Abstract:
A tunneling magnetoresistive stack configured to operate in a current-perpendicular-to-plane mode has a plurality of layers including a barrier layer. The TMR stack has a plurality of layers including a barrier layer, wherein the barrier layer is comprised of an insulating material selected from a group consisting of HfO, HfAlO, ZrO, TiO, TaO or NdO. The TMR stack exhibits a low resistance-area (RA) product, a stable magnetoresistive (MR) ratio, a lower RA product, a higher breakdown voltage of the TMR stack and enhanced thermal stability.

Description:
CROSS-REFERENCE TO RELATED APPLICATION(S) 
     This application claims priority from and incorporates by reference Provisional Application No. 60/325,901, filed Sept. 28, 2001 entitled “HfO As Tunneling Barrier Material For TGMR Recording Head Applications” by Z. Gao, S. Mao, K. Tran, J. Nowak and J. Chen. 
    
    
     BACKGROUND OF THE INVENTION 
     The present invention relates generally to a magnetoresistive sensor for use in a magnetic read head. In particular, the present invention relates to a tunneling magnetoresistive (TMR) read sensor having a low resistance-area (RA) product, yet maintaining a stable magnetoresistive (MR) ratio. 
     Magnetoresistive read sensors, such as giant magnetoresistive (GMR) read sensors, are used in magnetic data storage systems to detect magnetically-encoded information stored on a magnetic data storage medium such as a magnetic disc. A time-dependent magnetic field from a magnetic medium directly modulates the resistivity of the GMR read sensor. A change in resistance of the GMR read sensor can be detected by passing a sense current through the GMR read sensor and measuring the voltage across the GMR read sensor. The resulting signal can be used to recover the encoded information from the magnetic medium. 
     A typical GMR read sensor configuration is the GMR spin valve, in which the GMR read sensor is a multi-layered structure formed of a nonmagnetic spacer layer positioned between a synthetic antiferromagnet (SAF) and a ferromagnetic free layer. The magnetization of the SAF is fixed, typically normal to an air bearing surface of the GMR read sensor, while the magnetization of the free layer rotates freely in response to an external magnetic field. The SAF includes a reference layer and a pinned layer which are magnetically coupled by a coupling layer such that the magnetization direction of the reference layer is opposite to the magnetization of the pinned layer. The resistance of the GMR read sensor varies as a function of an angle formed between the magnetization direction of the free layer and the magnetization direction of the reference layer of the SAF. This multi-layered spin valve configuration allows for a more pronounced magnetoresistive effect, i.e. greater sensitivity and higher total change in resistance, than is possible with anisotropic magnetoresistive (AMR) read sensors, which generally consist of a single ferromagnetic layer. 

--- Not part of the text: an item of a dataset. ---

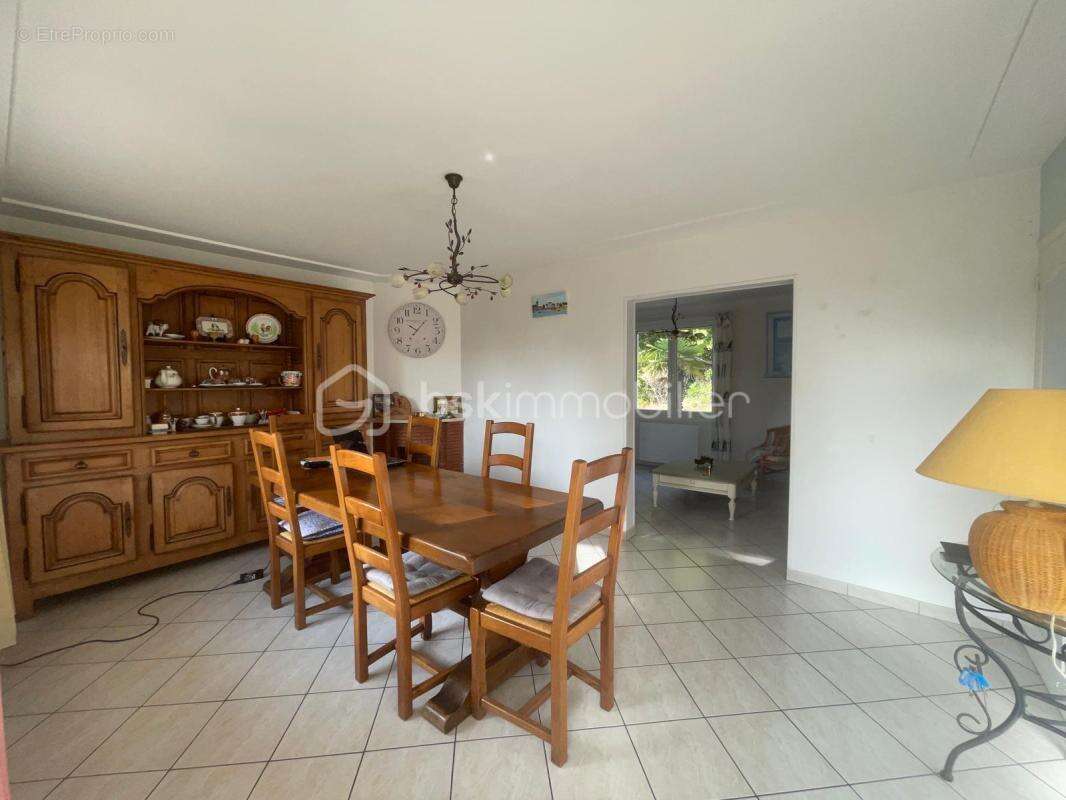 Maison T6 avec ascenseur – quartier de Mindin, Saint-Brevin-les-Pins - photo 5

     A TMR read sensor is similar in structure to a GMR spin valve, but the physics of the device are different. For a TMR read sensor, rather than using a metallic spacer layer, an insulating barrier layer is positioned between the free layer and the SAF. Aluminum Oxide (AlO) is commonly used as a material for the barrier layer. Electrons must tunnel through the barrier layer. A sense current flowing perpendicularly to the plane of the layers of the TMR read sensor experiences a change in resistance which is proportional to the cosine of an angle formed between the magnetization direction of the free layer and the magnetization direction of the reference layer of the SAF. 
     A pinning layer is typically exchange coupled to the pinned layer of the SAF to fix the magnetization of the pinned layer in a predetermined direction. The pinning layer is typically formed of an antiferromagnetic material. In antiferromagnetic materials, the magnetic moments of adjacent atomic planes are aligned in alternating directions and, thus, there is no net magnetic moment in the material. 
     An underlayer is typically used to promote the texture of the pinning layer consequently grown on top of it. The underlayer is typically formed of a ferromagnetic material and is chosen such that its atomic structure, or arrangement, corresponds with a desired crystallographic direction. 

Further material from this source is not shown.